Now it is clear that we do not normally think about such things while we are  
watching movies.  So one thing we might try to do is take the observer out  
of the act of seeing, so that the story now becomes "Okay so I imagine that  
what I am seeing is Indiana Jones running from a boulder, but I do not  
imagine that I am doing any seeing (or that anyone else is really)".  Now,  
Currie blocks this move by claiming that what makes vision vision simply is  
the fact that information about the location of certain objects is being  
conveyed to an observer.  Therefore, you simply cannot take the observer out  
of vision.

This is why Currie turns to the notion of impersonal imaginings, as far as I  
remember.  Instead of imagining that we are watching the film's fictional  
events, what we do as viewers is use the film images to figure out what the  
filmmaker wanted us to believe is true in the story.  In other words, we come  
out with a set of propositions (e.g., Spielberg wants me to imagine that  
Indiana Jones ran from a boulder.)  We then go ahead and imagine these  
propositions by "mentally simulating" the beliefs of a person who believed  
that the propositions that make up the story are true.

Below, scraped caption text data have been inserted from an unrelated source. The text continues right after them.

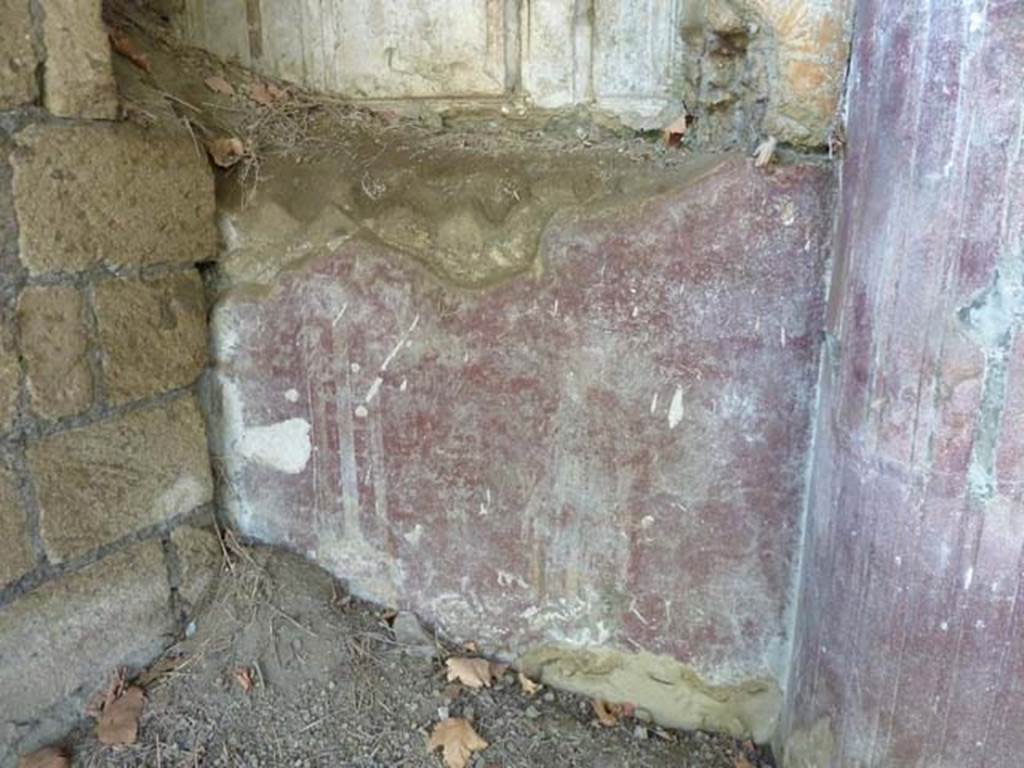 Villa San Marco, Stabiae, September 2015. Area 65, lower area beneath niche 3 with the stuccoed Fortuna, showing a tripod and person making an offering.
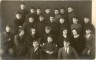 Madonas vidusskolas skolēnu grupa - 20 zēni un 4 meitenes. 1920.gadi A.Bērziņa foto Madonā.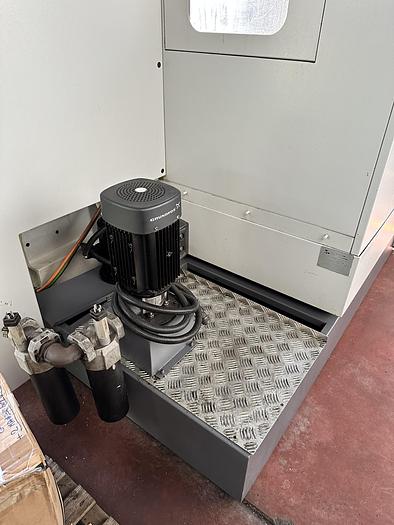 Ottime 2001 BRIDGEPORT VMC 800 22 XP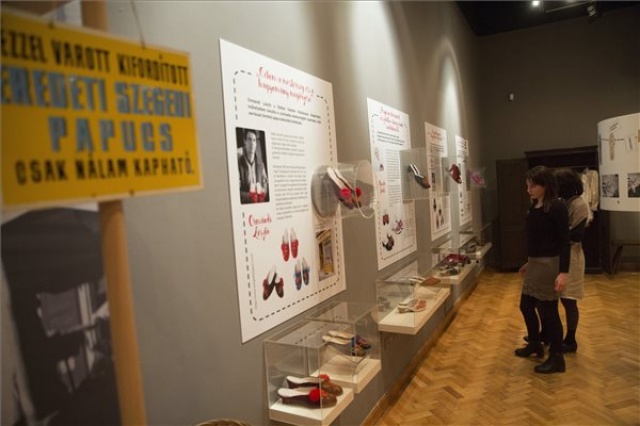 A szegedi papucsról nyílt kiállítás a Móra múzeumban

Of course, this means that the main imaginative event of movie going is only  
indirectly connected to the images on the screen.  It is also not clear how  
we could say that this impersonal imagining is in anyway visual, assuming  
that it simply involves a list of propostions capturing the truths in a  
story.  So, I guess this is all just a long way of responding to Warren  
Buckland's suggestion that "visual imaginings" as I described it could be the  
same as Currie's impersonal imaginings.  I say yes it could, if you can show  
me how running propositions through a mental simulator is visual in any  
sense.  (You might say, for example, that some of the propositions are of the  
form "Indiana Jones looked just like that," but then we could ask if that  
"that" can sometimes refer to a mental image of some sort and this brings our  
debate right back to the beginning, i.e., to my question:

> Should we perhaps coin another term such as "visual
> imaginings" that can refer the imagination of the physical appearance of
> something without any reference at all to an observer? Would such an act of
> imagination be possible?

Thanks again for your responses,

Karen Bardsley

P.S.  Perhaps this debate is in danger of becoming a rehashing of "the old  
tree falling in a forest with noone to hear it" issue.